Fica evidente que pessoas que criticaram o livro nos referidos termos, certamente não o leu. Tive a decência de observar o conteúdo da obra para veicular uma opinião. Nele, a maior parte do tempo, a autora se dedica a valorizar a concordância, a pontuação e acentuação, além da ortografia correta. O livro esgueira-se por uma tendência mais que tradicional dos cursos de Letras desde os anos 1960, que se dedica a entender e estudar as flexões e alterações práticas da língua. Fato comum quando se observa verbalizações diferentes por conta de sotaques regionais, o que não implica em incorreção. É preciso se desvencilhar de ranços ideológicos para tecer comentários sobre uma área tão importante como a educacional. Esse tipo de crítica superficial, com deboches tacanhos a um ex-presidente popular, não leva a termos profícuos.
Partindo para o lado teórico-pedagógico do imbróglio, é importante não menosprezar os usos populares da língua, até porque não passam de estamentos formais. Há pouco tempo, estes críticos ácidos dos comportamentos das classes baixas, acusariam de semi-analfabetos pessoas que não colocassem acento agudo na palavra “idéia” – o que hoje mudou com o novo acordo ortográfico. Mais que isso, mal sabem que a palavra “você” é a popularização do “vossa mercê” nos emprestado pelo português colonizador. Assim, todos grafam tais termos “corretamente”, orgulhosos de sua boa educação elitista, sem saber que adotaram a fala do negro escravo “analfabeto”. Chamar de inculto o popular é assinar atestado de ignorância e preconceito.

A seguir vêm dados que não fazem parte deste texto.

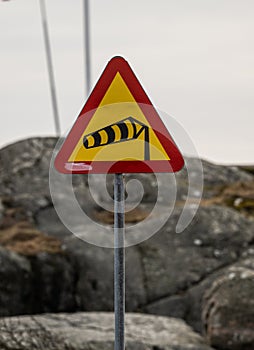 Road sign warning for strong winds..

O livro prega claramente o uso correto da língua e apenas demonstra as apropriações correntes de flexões comumente utilizadas pela população em sua esmagadora maioria. Nesse ínterim, vem na esteira de movimentos contra preconceitos, sejam estes raciais, sociais, sexuais ou lingüísticos. Óbvio que ninguém seria estúpido o suficiente para defender o ensino errôneo do português em escolas; imaginar isso é no mínimo inocência; e alegar que tal ação se trata de uma jogada velada do governo para “fabricar” ignorância em série, é irresponsabilidade (para não dizer outra coisa).

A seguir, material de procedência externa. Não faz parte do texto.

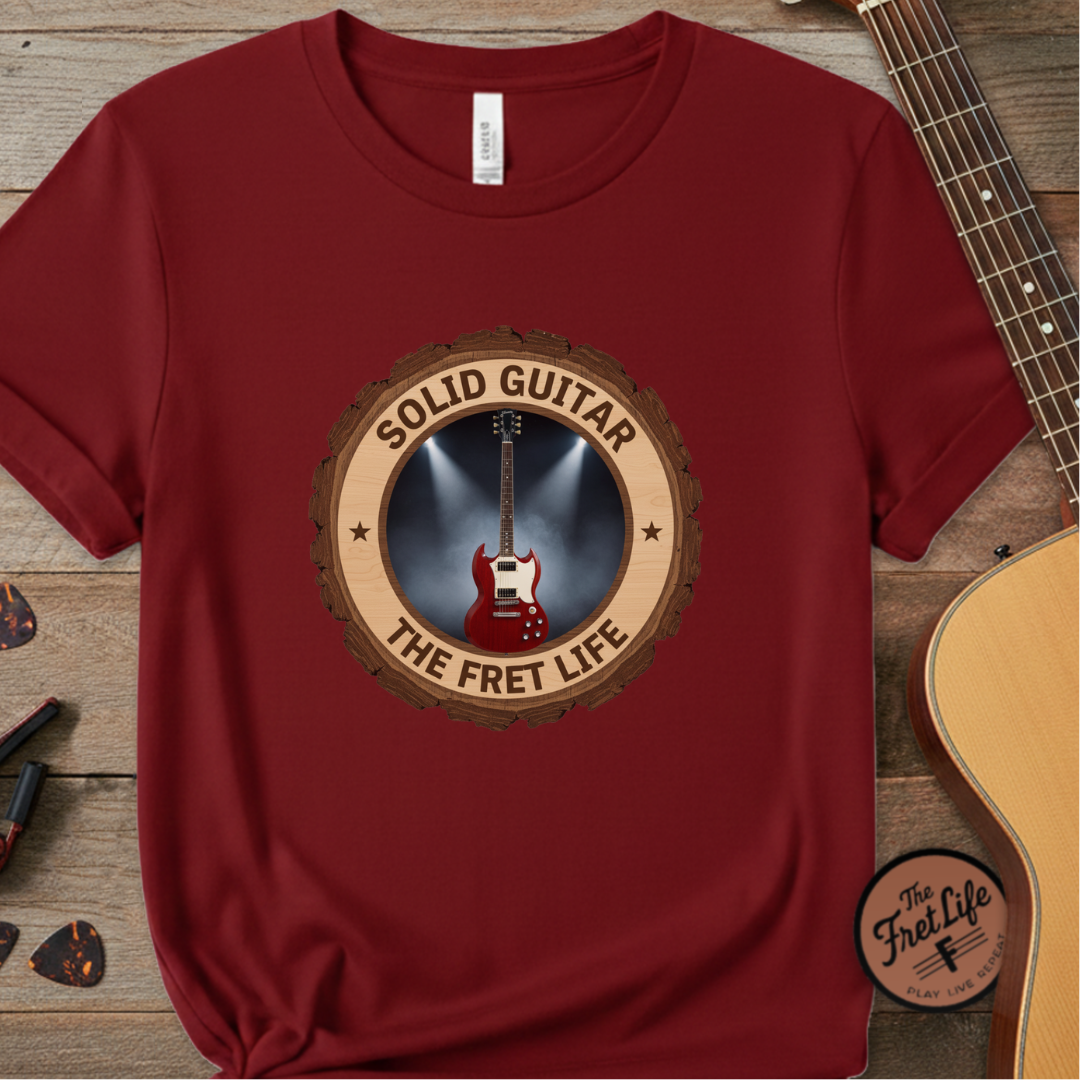 Red t-shirt with 'Solid Guitar The Fret Life' design on a wooden surface with a guitar.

Trata-se de entender o valor cultural de manifestações do diferente, sempre tendo em mente a necessidade de intervenção onde se faça necessário. Mais perigoso que escrever errado é não comunicar. Mais preocupante que não comunicar, é assumir o requinte lingüístico e o ornamento das palavras como prestigio de classe e poder. Como se só houvesse uma forma de se comunicar: a da classe dominante.